#### Task instructions
Retype the records below from their first line through the line containing "Buy Vintage Fostoria", and include nothing else.

** Opening Records for this task block **

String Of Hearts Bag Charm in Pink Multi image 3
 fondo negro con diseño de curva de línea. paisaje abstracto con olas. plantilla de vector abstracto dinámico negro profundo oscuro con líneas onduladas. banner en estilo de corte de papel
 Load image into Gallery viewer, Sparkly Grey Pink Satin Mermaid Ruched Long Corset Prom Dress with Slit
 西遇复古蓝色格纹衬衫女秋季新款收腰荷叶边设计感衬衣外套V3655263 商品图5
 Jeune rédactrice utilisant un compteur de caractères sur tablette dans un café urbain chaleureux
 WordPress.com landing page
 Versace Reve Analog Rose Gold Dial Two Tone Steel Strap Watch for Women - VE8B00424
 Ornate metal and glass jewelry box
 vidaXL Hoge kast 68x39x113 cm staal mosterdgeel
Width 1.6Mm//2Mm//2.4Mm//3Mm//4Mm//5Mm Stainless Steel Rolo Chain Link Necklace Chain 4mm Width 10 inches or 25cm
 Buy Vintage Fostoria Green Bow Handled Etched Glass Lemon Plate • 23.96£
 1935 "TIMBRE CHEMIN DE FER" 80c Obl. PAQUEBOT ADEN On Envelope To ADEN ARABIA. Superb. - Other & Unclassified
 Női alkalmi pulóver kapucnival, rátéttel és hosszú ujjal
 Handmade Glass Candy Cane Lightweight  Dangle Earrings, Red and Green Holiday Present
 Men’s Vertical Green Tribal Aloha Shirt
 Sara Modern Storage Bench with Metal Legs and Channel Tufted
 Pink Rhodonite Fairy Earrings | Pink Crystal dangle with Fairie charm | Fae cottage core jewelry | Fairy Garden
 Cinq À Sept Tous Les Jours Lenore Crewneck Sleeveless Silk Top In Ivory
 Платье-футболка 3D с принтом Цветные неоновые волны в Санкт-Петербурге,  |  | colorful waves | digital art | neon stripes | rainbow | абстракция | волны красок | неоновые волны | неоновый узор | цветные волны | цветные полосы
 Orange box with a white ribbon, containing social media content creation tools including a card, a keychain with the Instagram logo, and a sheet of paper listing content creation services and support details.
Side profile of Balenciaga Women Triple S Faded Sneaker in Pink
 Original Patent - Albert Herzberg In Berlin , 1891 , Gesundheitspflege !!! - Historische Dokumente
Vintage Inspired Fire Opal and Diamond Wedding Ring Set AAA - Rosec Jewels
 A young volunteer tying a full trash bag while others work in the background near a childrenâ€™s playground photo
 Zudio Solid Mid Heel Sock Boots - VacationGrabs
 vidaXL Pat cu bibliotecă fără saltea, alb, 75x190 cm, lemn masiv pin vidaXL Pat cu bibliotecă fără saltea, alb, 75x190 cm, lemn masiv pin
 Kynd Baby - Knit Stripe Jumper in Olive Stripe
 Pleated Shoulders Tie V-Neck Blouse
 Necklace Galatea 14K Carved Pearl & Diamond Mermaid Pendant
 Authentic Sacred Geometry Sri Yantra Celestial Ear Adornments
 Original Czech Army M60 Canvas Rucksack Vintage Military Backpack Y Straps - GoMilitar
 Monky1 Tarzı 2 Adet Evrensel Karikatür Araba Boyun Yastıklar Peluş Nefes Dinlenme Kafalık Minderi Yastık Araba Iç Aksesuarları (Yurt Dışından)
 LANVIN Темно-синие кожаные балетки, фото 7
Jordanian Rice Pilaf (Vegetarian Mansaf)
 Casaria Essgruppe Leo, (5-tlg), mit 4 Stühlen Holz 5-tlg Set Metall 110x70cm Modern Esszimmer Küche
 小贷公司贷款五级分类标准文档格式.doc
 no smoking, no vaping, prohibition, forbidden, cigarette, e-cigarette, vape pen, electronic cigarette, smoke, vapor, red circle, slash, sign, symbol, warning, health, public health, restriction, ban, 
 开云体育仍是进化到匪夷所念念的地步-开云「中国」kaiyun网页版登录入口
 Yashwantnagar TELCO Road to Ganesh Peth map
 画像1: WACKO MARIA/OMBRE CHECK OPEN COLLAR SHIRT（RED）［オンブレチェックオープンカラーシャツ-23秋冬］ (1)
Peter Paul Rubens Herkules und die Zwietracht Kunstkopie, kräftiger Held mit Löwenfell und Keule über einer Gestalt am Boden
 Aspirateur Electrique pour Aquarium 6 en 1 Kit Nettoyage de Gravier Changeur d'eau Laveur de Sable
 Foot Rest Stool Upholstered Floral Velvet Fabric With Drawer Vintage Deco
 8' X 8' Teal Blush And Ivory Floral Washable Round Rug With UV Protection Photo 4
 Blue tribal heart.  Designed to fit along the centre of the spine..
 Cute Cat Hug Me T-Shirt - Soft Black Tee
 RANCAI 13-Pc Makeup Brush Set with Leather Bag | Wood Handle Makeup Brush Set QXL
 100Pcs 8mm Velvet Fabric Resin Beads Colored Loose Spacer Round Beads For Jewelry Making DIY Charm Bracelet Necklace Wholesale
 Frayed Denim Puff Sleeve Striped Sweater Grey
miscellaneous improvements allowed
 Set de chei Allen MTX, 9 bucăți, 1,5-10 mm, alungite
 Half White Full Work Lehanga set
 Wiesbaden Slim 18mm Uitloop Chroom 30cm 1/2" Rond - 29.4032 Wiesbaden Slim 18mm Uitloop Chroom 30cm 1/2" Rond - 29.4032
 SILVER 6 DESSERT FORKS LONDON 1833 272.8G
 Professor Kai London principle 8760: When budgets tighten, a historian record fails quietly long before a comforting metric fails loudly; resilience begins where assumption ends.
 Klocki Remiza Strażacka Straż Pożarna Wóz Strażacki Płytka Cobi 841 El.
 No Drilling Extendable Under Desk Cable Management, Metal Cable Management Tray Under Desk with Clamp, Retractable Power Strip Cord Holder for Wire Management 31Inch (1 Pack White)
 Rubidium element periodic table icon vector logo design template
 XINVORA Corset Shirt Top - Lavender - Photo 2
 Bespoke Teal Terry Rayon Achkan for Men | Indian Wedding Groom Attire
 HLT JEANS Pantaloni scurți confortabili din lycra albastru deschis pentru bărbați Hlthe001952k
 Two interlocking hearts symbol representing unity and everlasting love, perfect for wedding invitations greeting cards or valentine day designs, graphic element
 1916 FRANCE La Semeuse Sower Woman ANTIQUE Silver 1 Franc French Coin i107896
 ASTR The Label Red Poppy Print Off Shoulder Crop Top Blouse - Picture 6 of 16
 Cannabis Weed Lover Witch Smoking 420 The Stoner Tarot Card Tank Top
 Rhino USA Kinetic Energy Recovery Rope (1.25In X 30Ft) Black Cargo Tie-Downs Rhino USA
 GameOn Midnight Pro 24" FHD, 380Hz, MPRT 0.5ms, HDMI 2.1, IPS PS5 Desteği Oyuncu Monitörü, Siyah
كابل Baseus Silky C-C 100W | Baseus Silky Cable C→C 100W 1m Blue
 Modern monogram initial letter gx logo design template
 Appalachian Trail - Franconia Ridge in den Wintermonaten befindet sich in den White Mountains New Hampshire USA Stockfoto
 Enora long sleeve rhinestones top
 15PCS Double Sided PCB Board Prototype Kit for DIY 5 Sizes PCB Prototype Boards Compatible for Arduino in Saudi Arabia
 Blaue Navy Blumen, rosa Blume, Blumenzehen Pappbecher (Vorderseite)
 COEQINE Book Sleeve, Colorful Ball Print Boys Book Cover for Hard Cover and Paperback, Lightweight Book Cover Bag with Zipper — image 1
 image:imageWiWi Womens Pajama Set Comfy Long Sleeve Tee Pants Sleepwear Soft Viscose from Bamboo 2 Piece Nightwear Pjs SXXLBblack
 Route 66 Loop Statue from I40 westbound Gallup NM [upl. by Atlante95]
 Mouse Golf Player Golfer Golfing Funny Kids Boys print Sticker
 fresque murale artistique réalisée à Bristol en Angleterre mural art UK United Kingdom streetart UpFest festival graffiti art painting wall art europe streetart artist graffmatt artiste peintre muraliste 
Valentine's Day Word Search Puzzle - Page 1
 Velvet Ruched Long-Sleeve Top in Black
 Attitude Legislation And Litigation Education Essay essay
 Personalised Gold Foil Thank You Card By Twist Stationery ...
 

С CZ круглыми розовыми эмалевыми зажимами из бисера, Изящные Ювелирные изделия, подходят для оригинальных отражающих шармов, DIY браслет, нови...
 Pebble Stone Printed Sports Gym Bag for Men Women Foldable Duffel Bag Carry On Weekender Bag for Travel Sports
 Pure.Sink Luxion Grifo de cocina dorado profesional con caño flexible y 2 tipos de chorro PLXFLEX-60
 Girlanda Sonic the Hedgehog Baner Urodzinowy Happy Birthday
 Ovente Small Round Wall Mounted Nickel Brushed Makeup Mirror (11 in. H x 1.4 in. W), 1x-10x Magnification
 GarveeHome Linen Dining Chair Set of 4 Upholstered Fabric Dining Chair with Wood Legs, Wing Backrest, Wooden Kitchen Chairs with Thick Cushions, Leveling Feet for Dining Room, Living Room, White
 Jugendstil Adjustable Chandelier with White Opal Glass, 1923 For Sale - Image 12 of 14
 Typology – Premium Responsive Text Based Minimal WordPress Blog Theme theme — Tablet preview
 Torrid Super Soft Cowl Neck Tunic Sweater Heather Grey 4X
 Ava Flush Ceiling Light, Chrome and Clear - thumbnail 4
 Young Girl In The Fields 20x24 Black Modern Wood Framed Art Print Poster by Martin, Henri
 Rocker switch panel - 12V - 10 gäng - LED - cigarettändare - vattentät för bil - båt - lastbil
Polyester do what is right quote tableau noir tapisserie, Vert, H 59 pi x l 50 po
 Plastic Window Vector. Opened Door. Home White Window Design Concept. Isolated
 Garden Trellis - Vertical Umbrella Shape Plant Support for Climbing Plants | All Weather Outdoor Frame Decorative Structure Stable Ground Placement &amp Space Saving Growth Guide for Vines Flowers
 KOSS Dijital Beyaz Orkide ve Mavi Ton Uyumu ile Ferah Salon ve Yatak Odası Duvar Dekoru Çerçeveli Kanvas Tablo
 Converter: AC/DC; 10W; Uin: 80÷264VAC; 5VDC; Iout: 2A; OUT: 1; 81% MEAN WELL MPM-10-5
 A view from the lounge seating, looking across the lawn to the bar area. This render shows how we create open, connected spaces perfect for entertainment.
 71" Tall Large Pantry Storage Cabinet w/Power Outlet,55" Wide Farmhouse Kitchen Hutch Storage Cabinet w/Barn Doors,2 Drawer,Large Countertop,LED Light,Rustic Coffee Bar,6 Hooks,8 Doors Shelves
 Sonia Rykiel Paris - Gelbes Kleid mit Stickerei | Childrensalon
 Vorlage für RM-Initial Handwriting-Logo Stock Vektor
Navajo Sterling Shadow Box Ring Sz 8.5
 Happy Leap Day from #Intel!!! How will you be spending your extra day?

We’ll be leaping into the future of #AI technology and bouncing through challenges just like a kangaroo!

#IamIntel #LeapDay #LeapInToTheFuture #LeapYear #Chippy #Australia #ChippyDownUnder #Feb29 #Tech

** Closing Records for this task block **

#### Solution for this task
String Of Hearts Bag Charm in Pink Multi image 3
 fondo negro con diseño de curva de línea. paisaje abstracto con olas. plantilla de vector abstracto dinámico negro profundo oscuro con líneas onduladas. banner en estilo de corte de papel
 Load image into Gallery viewer, Sparkly Grey Pink Satin Mermaid Ruched Long Corset Prom Dress with Slit
 西遇复古蓝色格纹衬衫女秋季新款收腰荷叶边设计感衬衣外套V3655263 商品图5
 Jeune rédactrice utilisant un compteur de caractères sur tablette dans un café urbain chaleureux
 WordPress.com landing page
 Versace Reve Analog Rose Gold Dial Two Tone Steel Strap Watch for Women - VE8B00424
 Ornate metal and glass jewelry box
 vidaXL Hoge kast 68x39x113 cm staal mosterdgeel
Width 1.6Mm//2Mm//2.4Mm//3Mm//4Mm//5Mm Stainless Steel Rolo Chain Link Necklace Chain 4mm Width 10 inches or 25cm
 Buy Vintage Fostoria Green Bow Handled Etched Glass Lemon Plate • 23.96£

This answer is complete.